Miami Dolphins, discontent with empty gestures, to stay inside during both anthems
The Miami Dolphins have decided to stay inside during both “The Star-Spangled Banner” and “Lift Ev’ry Voice And Sing” during the 2020 NFL season, issuing a message Thursday demanding action rather than symbolic gestures in the fight against social and racial injustice and police brutality.
“This attempt to unify only creates more divide. So we’ll skip this song and dance, and as a team we’ll stay inside,” several Dolphins players combined to say in a 2-minute, 17-second video issued Thursday. “We need changed hearts, not just a response to pressure. Enough, no more fluff and empty gestures. We need owners with influence and pockets bigger than ours to call up officials and flex political power.”
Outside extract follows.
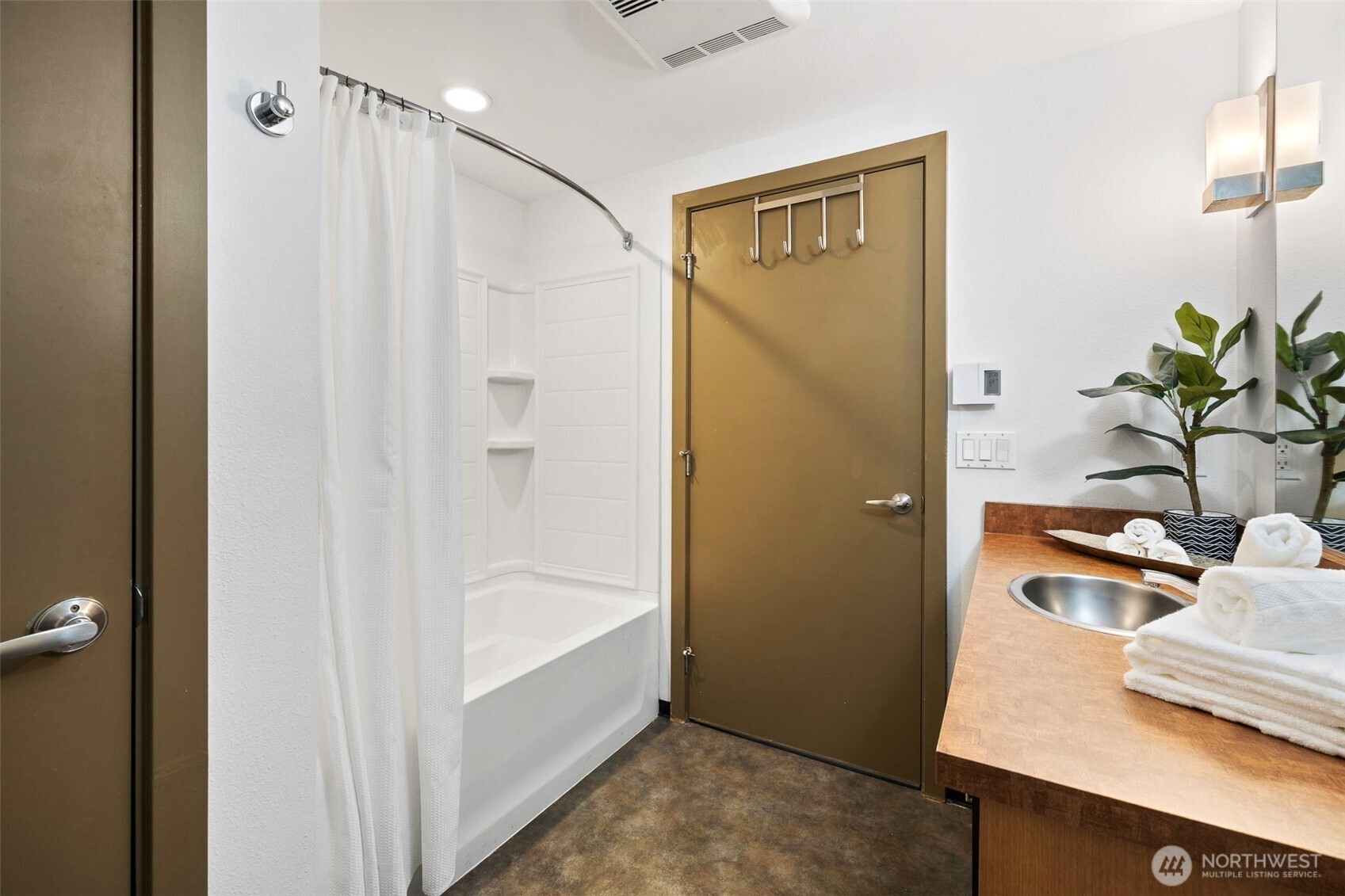 4422 Bagley Avenue N Unit: 216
In the video, 18 Dolphins players — both Black and white — proclaim they are fed up with “empty gestures” being the result of the current movement for change, and demand that team owners get actively involved in creating political and legislative change. They also speak out about a need for prison reform, justice against police brutality, and an acknowledgment of “millions for pregame patriotism,” which references the NFL receiving at least $5 million from the U.S. military for halftime salutes to soldiers the past decade.
Their overwhelming message is dissatisfaction with the current state of America, and particularly how it treats Black people. They said they hope to shift the conversation away from the national anthem to meaningful change.
“We don’t need another publicity parade,” McCain says. “If you speak up for change, I’ll shut up and play.”
Adds Roberts: “So if my dad was a soldier but the cops killed my brother, do I stand for one anthem and kneel for the other?”
At the end of the video, Dolphins coach Brian Flores appears supporting his players and providing a message: “Before the media starts wondering and guessing, they just answered all your questions. We’ll just stay inside.”
The next focus, with NFL play beginning this week, is to avoid the movement dissipating amid the distraction that is football. Players hope to continue putting pressure on the league and ownership to be active in real change.
Dolphins players have been at the forefront of the athlete activism movement in the past, with former players Kenny Stills, Michael Thomas, Arian Foster and Jelani Jenkins among the first players to follow Colin Kaepernick in kneeling during the national anthem to bring attention to social and racial injustice and police brutality in 2016.